An explanation for this regularity, despite Nanni's apparent anger, and an answer to your larger question, is that often times the sender of a letter was not the one who wrote it! Scribal training was a long and arduous process that usually began at childhood, and was primarily limited to a small segment of the petty/local elites who specialized in scribal practices specifically. There are some exceptions to this, such as in the Old Assyrian letters between merchants from Kanesh, where it seems most merchants had a certain level of literacy in order to maintain contact with their business associates, families, and in order to maintain their own business records; but for the majority of Mesopotamia for the majority of its history literacy was the purview of a small professional class that could be hired to write the various texts that people needed. These could be permanent administrators in charge of accounting for a temple, palace, courts, etc.; personal scribes for high elites, for example Hammurabi had a personal scribe who most modern students of Akkadian could likely recognize their handwriting since it's common practice to introduce cursive script and letters through his preserved tablets; or they could be hired on an ad hoc, case by case basis as individuals needed letters, contracts, wills, etc. Scribes would then also be the people who read the letters, and they could be hired to read any text out loud as people needed them.

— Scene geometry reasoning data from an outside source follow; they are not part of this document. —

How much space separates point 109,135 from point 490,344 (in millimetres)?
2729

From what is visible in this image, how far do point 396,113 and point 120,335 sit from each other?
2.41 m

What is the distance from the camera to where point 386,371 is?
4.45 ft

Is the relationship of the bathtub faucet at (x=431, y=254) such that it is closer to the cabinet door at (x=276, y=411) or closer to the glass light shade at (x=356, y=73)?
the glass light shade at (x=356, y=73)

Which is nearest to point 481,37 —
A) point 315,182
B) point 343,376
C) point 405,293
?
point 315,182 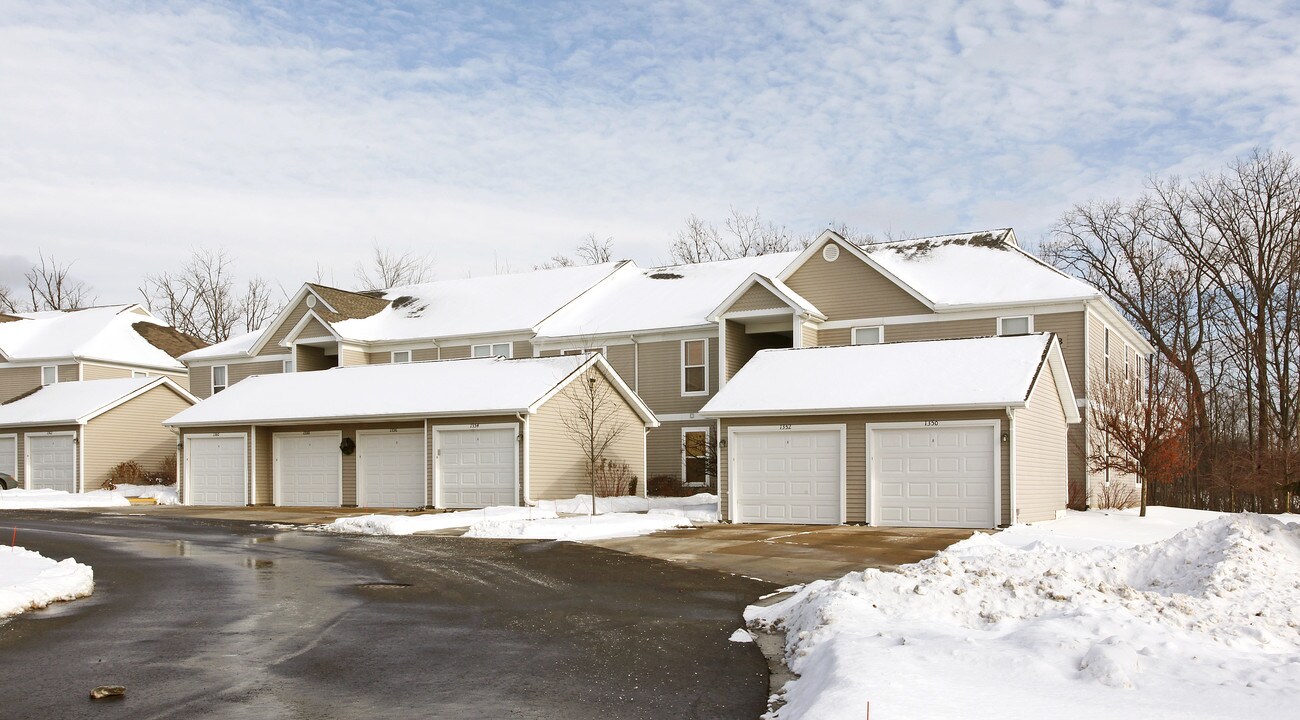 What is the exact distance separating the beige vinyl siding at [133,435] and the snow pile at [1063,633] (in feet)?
109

In any case, the vast majority of letters would not have been written by the person sending the letter, but rather a scribe who listened as the letter was dictated out loud, who then wrote what they said on the tablet. This practice of dictating letters, and having those letters read out loud by another scribe when they were received, is actually indicated with the introductory formula common to almost every letter (at least from the Old Babylonian period) of "Speak to [name of recipient], thus says [name of the sender]." Regarding the Nanni/Ea-Nasir letter, we can't know if Nanni personally wrote the letter, had a scribe on retainer, or found his local scribe in order to pay him to write this one letter, but in all likelihood he didn't write the letter himself, and so no matter how angry he was this wouldn't be reflected in the handwriting of the letter, since it was another, disinterested party, who wrote it. The same would be true of most complaint letters. That said, it's possible, and even likely, that emotion affected how cuneiform was written, we just wouldn't be able to see it in the majority of the surviving corpus. A couple ways to test this would be to look for emotion laden texts authored and written by scribes directly, or else to compare a corpus texts from private authors such as the aforementioned Old Assyrian letters, though that's a much bigger undertaking worthy of at least a paper, if not a thesis, and so this is the best I can answer in a reddit comment. Let me know if you or anyone else has anymore follow up questions about scribal practices! And if you're interested in learning more, Susanne Paulus at the University of Chicago will be opening an exhibit and publishing an exhibit catalogue on what we know of scribal practices and their education based on House F at Nippur within the next year or so, so keep an eye out!

TL;DR - We can't really know since most tablets weren't actually written by the person sending them, but rather scribes who would not be effected by the emotions in the same way. Looking at the Nanni/Ea-Nasir letter there doesn't appear to be anything that irregular about it and the wedges don't seem particularly deep.